The Political Economy of Government Employee Unions
The main reason why so many state and local governments are bankrupt, or on the verge of bankruptcy, is the combination of government-run monopolies and government-employee unions. Government-employee unions have vastly more power than do private-sector unions because the entities they work for are typically monopolies.
When the employees of a grocery store, for example, go on strike and shut down the store, consumers can simply shop elsewhere, and the grocery-store management is perfectly free to hire replacement workers. In contrast, when a city teachers’ or garbage-truck drivers’ union goes on strike, there is no school and no garbage collection as long as the strike goes on. In addition, teachers’ tenure (typically after two or three years in government schools) and civil-service regulations make it extremely costly if not virtually impossible to hire replacement workers.
Thus, when government bureaucrats go on strike they have the ability to completely shut down the entire “industry” they “work” in indefinitely. The taxpayers will complain bitterly about the absence of schools and garbage collection, forcing the mayor, governor, or city councillors to quickly cave in to the union’s demands to avoid risking the loss of their own jobs due to voter dissatisfaction. This process is the primary reason why, in general, the expenses of state and local governments have skyrocketed year in and year out, while the “production” of government employees declines.

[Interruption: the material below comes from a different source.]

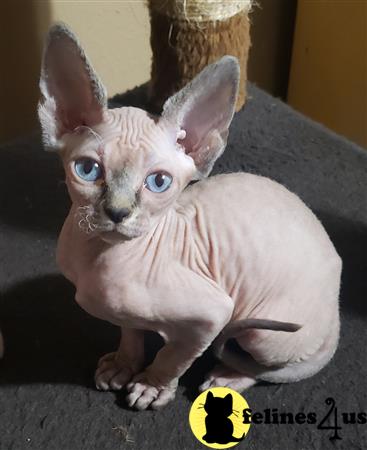 Barenakedsphynx Picture 3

For decades, researchers have noted that the more money that is spent per pupil in the government schools, the worse is the performance of the students. Similar outcomes are prevalent in all other areas of government “service.” As Milton Friedman once wrote, government bureaucracies – especially unionized ones – are like economic black holes where increased “inputs” lead to declining “outputs.” The more that is spent on government schools, the less educated are the students. The more that is spent on welfare, the more poverty there is, and so on. This of course is the exact opposite of normal economic life in the private sector, where increased inputs lead to more products and services, not fewer.